Texas illustrates the scale of the challenge even more dramatically. ERCOT is tracking around 410 GW of large loads seeking interconnection by 2030, with DCs accounting for most of that pipeline. In response, Texas Senate Bill 6 has pushed ERCOT towards new interconnection standards for large loads, including controllable load pathways and bring-your-own-generation approaches. These reforms point to a wider shift: DCs may no longer be treated as ordinary customers that simply request power from the grid. They may increasingly be expected to bring flexibility, generation, or financial commitments with them.
A central problem is timing. DCs can be built in two to three years, while transmission lines, generation projects, substations and other grid infrastructure can take much longer. Supply chains for gas turbines, transformers and other critical equipment are also constrained. This creates a mismatch between the speed of AI investment and the slower pace of grid expansion.
Flexibility is one proposed answer. Rather than building the grid solely around peak DC demand, operators could make better use of existing capacity by allowing large new loads to reduce demand during constrained periods. Recent analysis suggests that close to 100 GW of new flexible load could be served with very limited annual curtailment. Importantly, this would not usually mean shutting facilities down, as in most curtailment hours, at least half of the load could remain online. But Khargonekar cautioned against treating this system-level estimate as automatically available everywhere. Local grid constraints still matter. Separate distribution-level modelling shows that flexibility could increase the extra load a local grid can safely absorb by ~90% without network constraints, but by ~61% once those constraints are included.

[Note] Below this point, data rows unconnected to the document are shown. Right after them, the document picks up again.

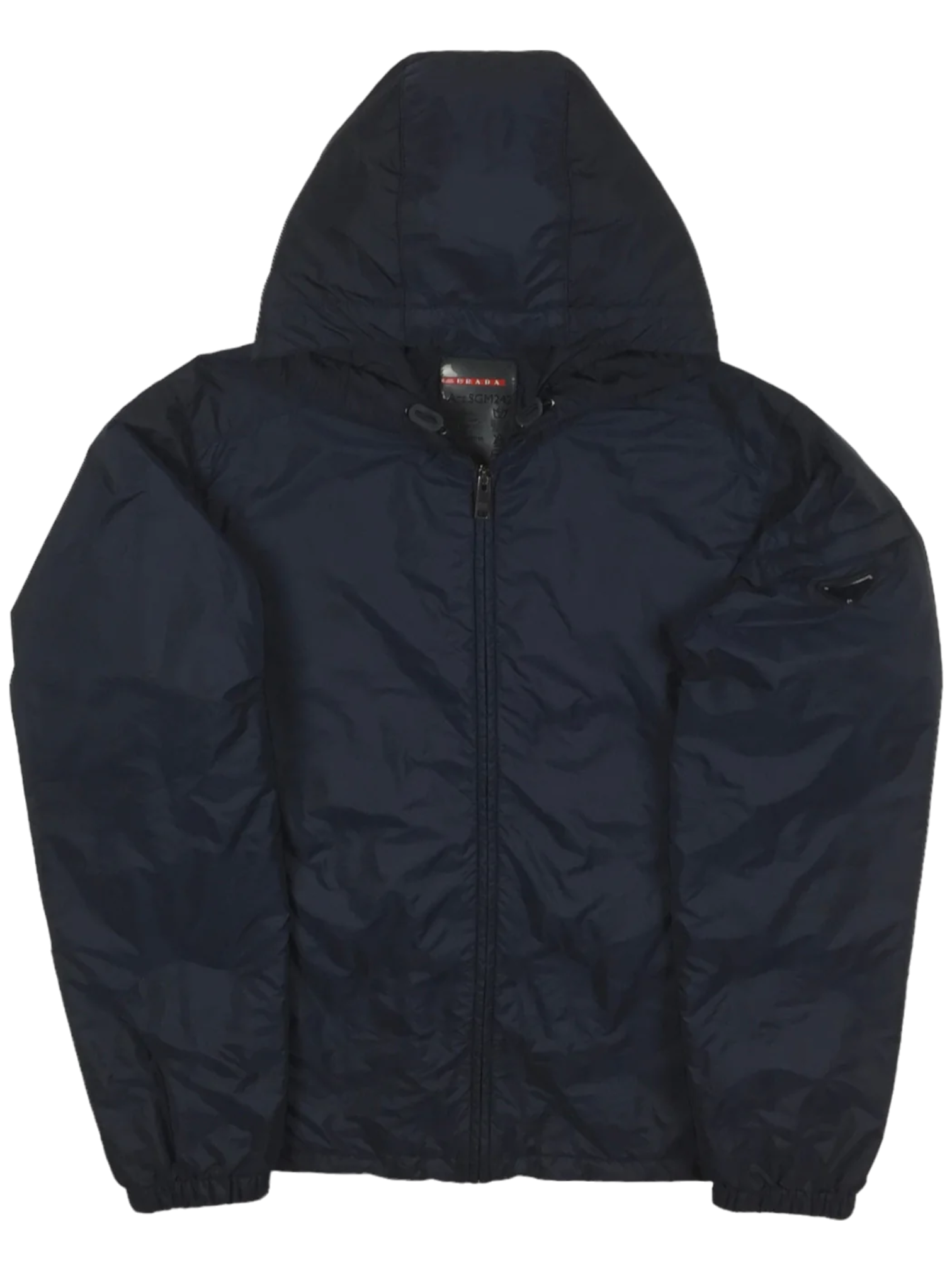 Prada Navy Nylon Padded Hooded Jacket
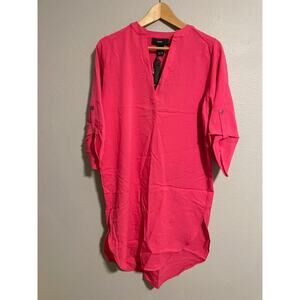 Womens Shift Dress Small Fuschia Viscose Roll Tab Relaxed Deadstock Lagenlook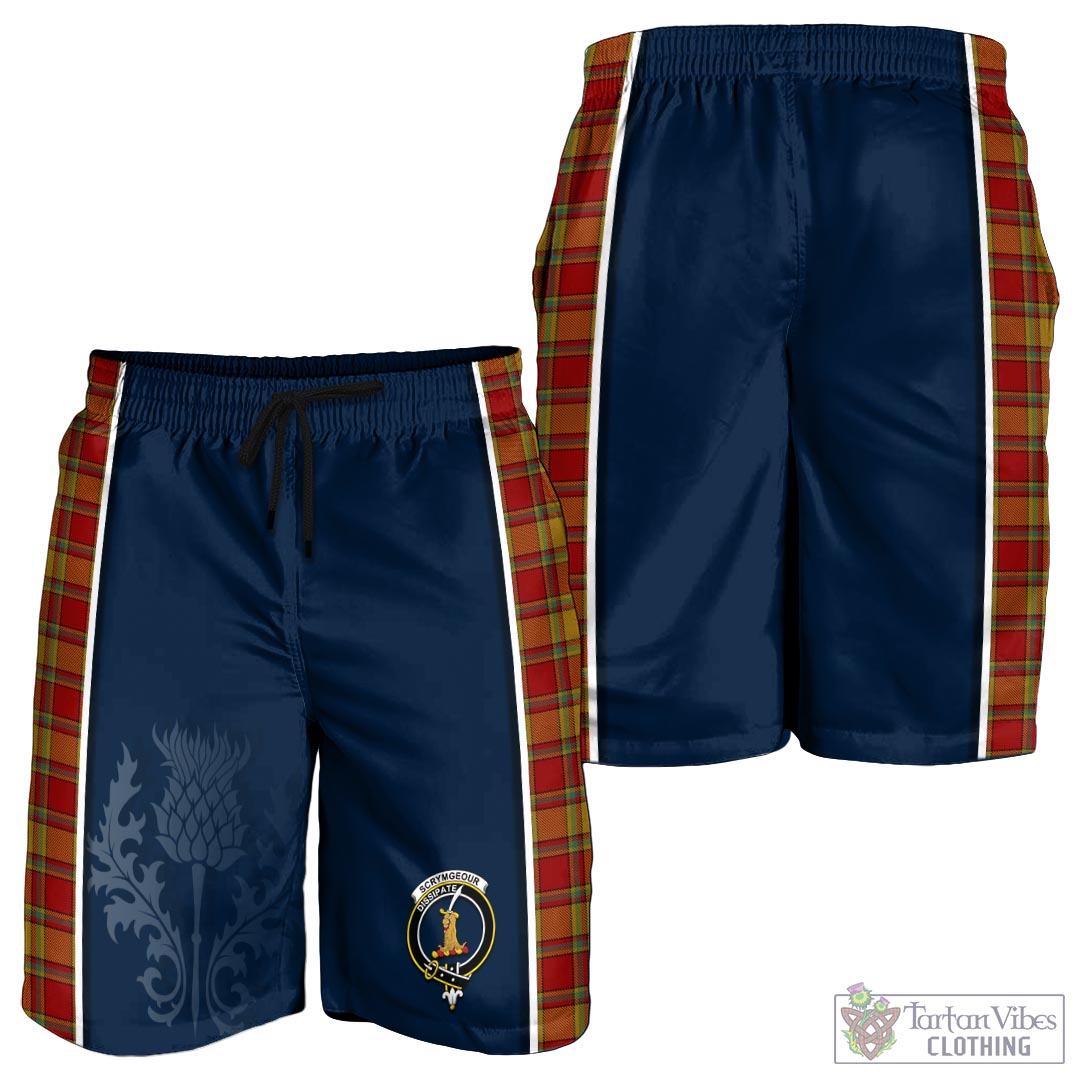 Tartan Vibes Clothing Scrymgeour Tartan Men's Shorts with Family Crest and Scottish Thistle Vibes Sport Style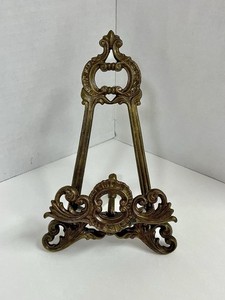 Display Easel Stand Ornate Vintage Design Metal Freestanding Small 8X5 in.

The seminar also showed that DC flexibility is technically plausible. GPU power-capping can reduce electricity demand while preserving much of the underlying computing performance, especially for workloads that can tolerate slower processing. A demonstration in Phoenix showed an AI cluster reducing power during a demand-response event and then returning to normal operation, while overall job performance stayed close to its target range. The key point is that flexibility depends less on switching facilities off than on managing workloads intelligently.
Yet technical flexibility does not automatically become commercial flexibility. For high-value AI workloads, curtailing computation may be economically unattractive, even when electricity prices are high. This means flexibility will likely depend on contracts, tariffs, and faster interconnection, not only voluntary demand response.
This is where tariff design becomes crucial. If utilities build grid capacity for DCs whose future demand is uncertain, stranded costs could fall on ordinary ratepayers. Khargonekar’s proposed solution is a ratcheted minimum billed demand. In simple terms, if a DC reserves capacity, it should pay for a substantial share of that capacity even if it later uses less than expected. Higher minimum billed demand makes DCs financially responsible for the infrastructure built on their behalf.
The Q&A broadened the discussion. Questions explored the role of power electronics in managing congestion and smoothing rapid DC load changes, as well as the shifting geography of DCs as inference becomes more distributed. On decarbonisation, Khargonekar offered a balanced view: near-term DC demand could encourage fossil generation in the US but improved solar and battery economics may also create opportunities for cleaner expansion.
The seminar’s strongest insight was that AI data centres are testing how power systems allocate scarcity. If grid capacity is a public good, who should pay to preserve reliability? If reliability becomes differentiated, which loads should receive firm service, which should accept interruption, and how should those choices be priced? Done right, DC investment could help modernise the grid. Done poorly, it could leave the public paying for private uncertainty.